One of those names, though, I’ll swear was Ceci. But when I try to conjure up a face all I get is a lovely image of pasta and garbanzos in a tasty, spicy-hot sauce. “You gotta help me, doc, I can’t seem to get her off of my plate!”

I prefer starting with dried chickpeas, although it’s a bit more work. I suspect it’s the way canned ones are treated, or maybe the dried ones are just better quality to begin with. (Or maybe I’m too cheap to buy the really good canned garbanzos; I don’t know.) Either way works, though.

Fresh fettuccine is a nice way to go here (although a bit pricey if you get it from the grocery). It’s just easier, since you’ll really want to fry a bit of it to add some interesting crunch to the dish. If you use dried pasta, though, consider using linguine. Cook it according to the directions, but pull some out about halfway through the cooking and drain it thoroughly before frying it. Once you have the technique down you’ll be able to get some out, drained and fried before the remaining pasta is ready.
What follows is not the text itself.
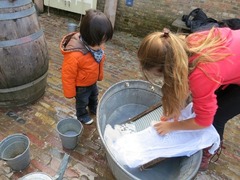 Openluchtmuseum34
The zesty oil found in the second recipe is a real requirement. Using simple chile oil might work for you, but the flavor’s just not the same; must be the oil choice. Make this stuff up and store it properly and you’ll never be without a nice condiment for dressing pasta. It’s good on meat, chicken or as part of the oil in a spicy vinaigrette. Don’t worry if you can’t get authentic peperoncini; Serranos, Thai bird’s-eyes or Fresnos will work just fine. Get good, red ripe ones, though or you’ll get a grassy aftertaste in the oil…

Enjoy the (Confusing but Tasty) Heat!